Per gli etruschi l’Amiata era la terra sacra, dove dimorava la loro divinità più importante: Tinia. E Tinia sia… La massima divinità etrusca venerata dal misterioso popolo degli Etruschi, che nelle viscere di questo antichissimo vulcano, alle cui basi si sprigionano delle importanti fonti termali come quelle di Bagni San Filippo e Antiche Terme Vignoni, ha protetto la scalata dei corridori sulla vetta, a 1738 metri di altitudine. Una pedalata comunque agile per una salita ad un monte che è molto simile e ben più corta di quella ad esempio del Monte Grappa o del Cansiglio.
Una pedalata che è servita a scremare il gruppo ma non a fare la differenza che si sperava. Amiata ricca di miniere metallurgiche, era l’oro degli Etruschi ed in seguito dei romani. Vi estraevano metalli utilizzati per forgiare armi o per uso domestico. Ma solo alla fine dell’Ottocento venne aperta una delle più importanti miniere di mercurio del mondo (seconda per ricchezza solamente a quella di Almaden in Spagna). L’attività di estrazione e trasformazione del cinabro (da cui si ricava il mercurio), contribuì enormemente allo sviluppo industriale ed economico di Abbadia San Salvatore e del territorio. Il cinabro, materiale inquietante ed esoterico, tossico per l’uomo, è un materiale che si trasforma. Utilizzato come perifrasi in filosofia da Immanuel Kant come esempio nella complessa dimostrazione di una regolarità delle apparenze (fenomeni). Per la sua capacità di trasformarsi in mercurio, il cinabro è alla base di tutto il pensiero alchemico cinese dell’antichità, e riveste un ruolo di primaria importanza anche nelle tecniche di longevità e di ricerca dell’immortalità, proprie del Taoismo. E nel taoismo si parla pure di campi di cinabro considerati certi luoghi del corpo sede di trasformazioni e di mutazioni. Il cinabro è nell’alchimia cinese la materia prima della pietra filosofale. In altre parole, il cinabro è il materiale di base per l’elaborazione dell’oro nell’alchimia esterna e dell’elisir di immortalità nell’alchimia interiore.

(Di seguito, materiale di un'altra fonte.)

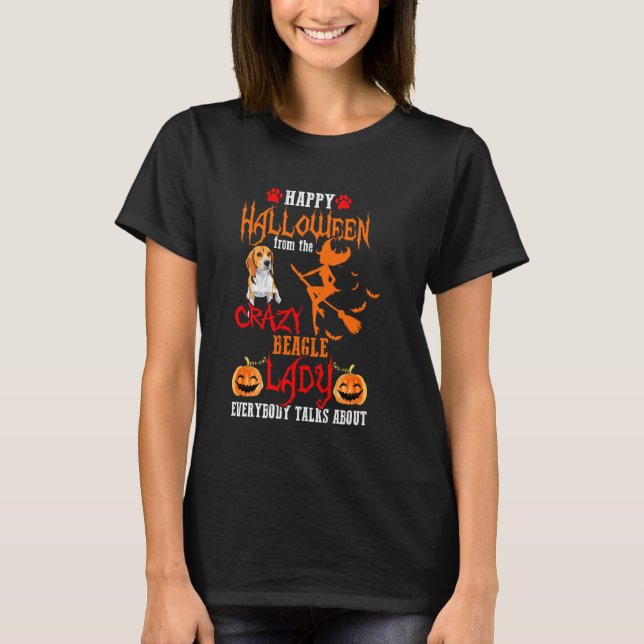 Camiseta Beagle Happy Halloween Senhora Louca de Beagle (Frente)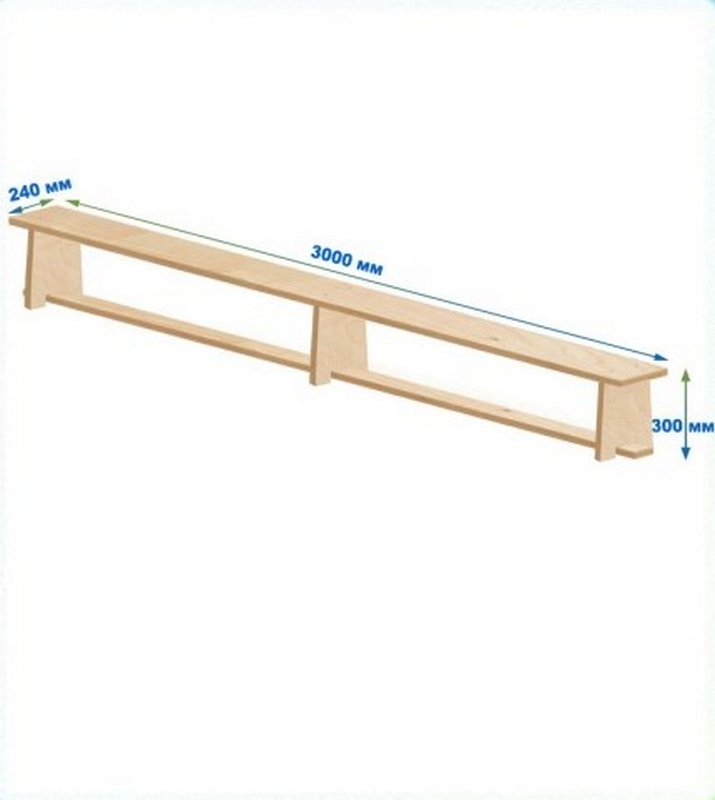 Скамейка гимнастическая 3000мм (фанерная) ножки фанера Dinamika 715_800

Il cinabro è insomma simile alla trasformazione del corridore quando affronta la salita. In molti casi il corridore di fronte alle pendenze si esalta in tutti gli altri si ammorba, si accascia, si annienta. La salita del cinabro alla vetta del mons Tuniatus-Montuniata, così come lo chiamavano i romani, può essere tossico per chi non regge i quasi 12 chilometri di salita. Una tappa strana quella del Monte Amiata, che non ha fatto la selezione che ci si attendeva. Ma che ha messo in evidenza comunque le qualità degli stranieri e la loro capacità di soffrire più dei corridori azzurri. Sarà il cinabro, sarà il mercurio trasformato, ma i pesci azzurri hanno abboccato ai giochini dei team stranieri che non hanno dato spazio ai corridori italiani.
Quattro stranieri, Viktor Verschaeve della Lotto Soudal che sgasa sul cambio e domina la tappa dell’Amiata, tallonato da Wildauer della Tirol, Bayembayev della Astana e il colombiano Pena Jumenez a gestire le posizioni in seconda battuta sulla salita etrusca. A nulla possono i tentativi ritardatari di Alessandro Teodoro Monaco e Alessandro Covi. Ma Ardila con Rubio alle spalle non si arrende e uscito come un lancio di fionda dal gruppetto inseguitore si mette in caccia di Vershaeve e lascia con un palmo di secondi il belga dominatore della tappa. Questa volta la vetta dell’Amiata non la conquistano gli Etruschi bensì i colombiani che scombinano la classifica e sul monte toscano danno vita letteralmente ad uno show.